Chipotle Mexican Grill (CMG 2.69%), now a nearly $60 billion business, has been crushing it recently. After posting outsized gains during the depths of the coronavirus pandemic, the restaurant company saw sales jump 14% in 2022. And this year is off to a strong start as well. 

As a result of the business's outstanding performance, shares are up a scorching 48% in 2023 (as of May 17), outpacing the S&P 500's 8% gain. This continues a long-standing trend of Chipotle handily beating the market and rewarding shareholders. 

What does this mean for the top restaurant stock? Should investors buy, sell, or hold the popular Tex-Mex chain? Here's what you need to know. 

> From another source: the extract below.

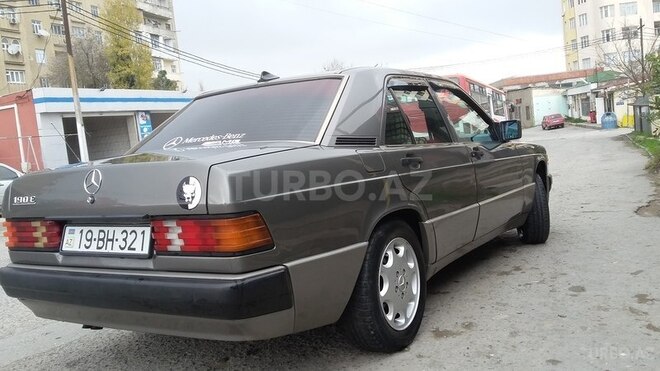 Mercedes 190 1993, 365,200 km - 2.0 l - Bakı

Chipotle continues its strong momentum 

Selling burritos, bowls, and tacos is a fantastic business, as Chipotle keeps proving to investors. Revenue soared 17% during the first three months of 2023 to total $2.4 billion, showing accelerated growth compared to 2022. Same-store sales, which measure revenue from locations open at least 13 months, were up 11%. As consumer behavior normalizes, it's not too surprising to see that in-restaurant sales outpaced digital orders in the quarter. 

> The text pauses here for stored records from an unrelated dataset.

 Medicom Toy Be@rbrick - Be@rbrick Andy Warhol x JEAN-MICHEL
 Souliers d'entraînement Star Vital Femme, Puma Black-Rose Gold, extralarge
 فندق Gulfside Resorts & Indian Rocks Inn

Demand clearly remains robust, but perhaps more impressive, profitability keeps improving. Chipotle's operating margin of 15.5% in Q1 was a marked expansion from 9.4% in the year-ago period. This helped diluted earnings per share surge 88% year over year. Chipotle's bottom-line figure exceeded Wall Street forecasts in 10 of the last 12 quarters, so it's no wonder the stock has done so well. 

While many businesses struggle with inflationary pressures, this headwind clearly hasn't deterred Chipotle. The company has successfully implemented multiple menu price hikes with seemingly little or no negative impact on sales. What's more, food, labor, and occupancy expenses represented a smaller portion of revenue. And this has resulted in expanded margins. 

For the full year, management sees Chipotle opening between 255 and 285 new locations. That's solid momentum that shareholders can appreciate, especially given the uncertain economic situation. "If there is a recession, we feel like we're really well prepared," CFO Jack Hartung mentioned on the Q1 2023 earnings call. He went on to point out that Chipotle carries no debt on its balance sheet. 

Chipotle shareholders should stay put 

Over the past five years, Chipotle stock has skyrocketed 366%, so it's been a wonderful investment to own. However, this monster performance that has continued into 2023 has resulted in an expensive valuation. As of this writing, shares carry a price-to-earnings multiple of 56. That's a far higher valuation than the overall market.  

However, it's impossible to deny how great of a business Chipotle is. As mentioned, it has proven pricing power. And its leadership believes that because of the incredible value the company provides to customers, there is likely a lot more untapped pricing power that can be utilized in the years ahead. 

Moreover, with its footprint of 3,224 total stores, Chipotle has become a well-known household name throughout the past decade. According to Piper Sandler's recent Taking Stock With Teens survey, Chipotle ranked as the third-most popular restaurant chain behind Chick-fil-A and Starbucks among Generation Z. Its focus on high-quality food at an attractive price point almost sells itself. 

Chipotle's growth potential is also impressive. CEO Brian Niccol and his team see there being 7,000 locations one day in North America, more than double the current store base. And the annual sales volume per store continues to rise. This means that although Chipotle has posted phenomenal growth in the past, the future could be just as bright. 

It's hard to sell a wonderful company, even though its valuation might be excessive now. And as we've seen, Chipotle has a history of exceeding analyst forecasts, which adds upside possibility. That's why I think the best course of action is to hold Chipotle stock. On the other hand, if you're looking to buy shares for the first time, it might be a good idea to wait for a better entry price.